Task instructions:
Starting with the line that contains "Сумка Action! DV-AB12000 синяя" and stopping after the line that contains "Lydia sex pop", copy the entries below exactly. Include nothing else.

Source data:
---*---

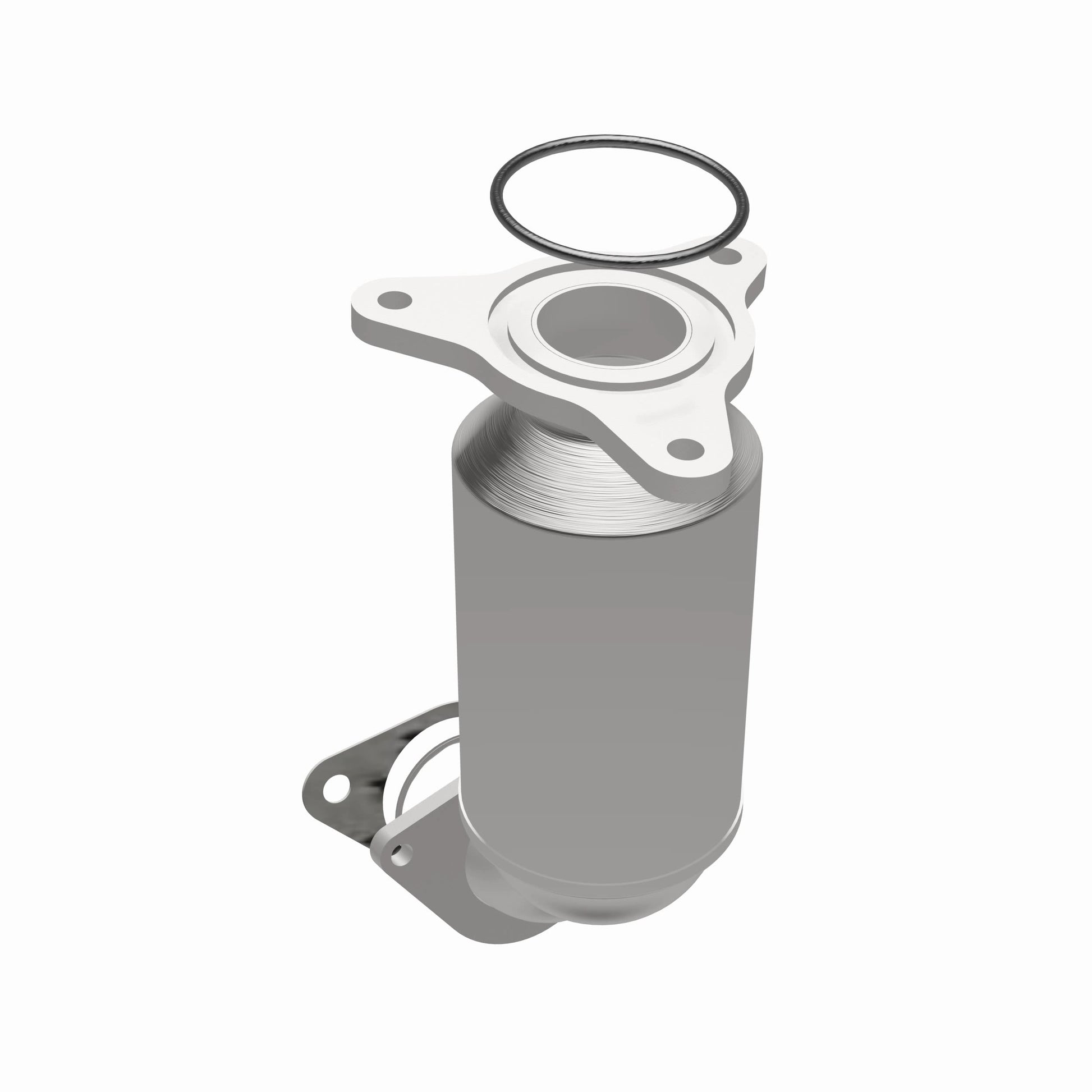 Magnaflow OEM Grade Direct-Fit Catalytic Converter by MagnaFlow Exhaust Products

---*---

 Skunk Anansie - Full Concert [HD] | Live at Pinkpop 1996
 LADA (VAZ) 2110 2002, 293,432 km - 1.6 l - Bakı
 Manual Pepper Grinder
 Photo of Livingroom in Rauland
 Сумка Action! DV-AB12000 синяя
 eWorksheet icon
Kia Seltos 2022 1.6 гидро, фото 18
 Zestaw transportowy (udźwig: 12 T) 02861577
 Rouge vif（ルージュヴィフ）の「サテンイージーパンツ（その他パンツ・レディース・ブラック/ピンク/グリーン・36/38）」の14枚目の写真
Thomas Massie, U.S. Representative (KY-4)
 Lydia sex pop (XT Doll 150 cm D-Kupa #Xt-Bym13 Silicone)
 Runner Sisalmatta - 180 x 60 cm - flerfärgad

---*---

Result for this task:
 Сумка Action! DV-AB12000 синяя
 eWorksheet icon
Kia Seltos 2022 1.6 гидро, фото 18
 Zestaw transportowy (udźwig: 12 T) 02861577
 Rouge vif（ルージュヴィフ）の「サテンイージーパンツ（その他パンツ・レディース・ブラック/ピンク/グリーン・36/38）」の14枚目の写真
Thomas Massie, U.S. Representative (KY-4)
 Lydia sex pop (XT Doll 150 cm D-Kupa #Xt-Bym13 Silicone)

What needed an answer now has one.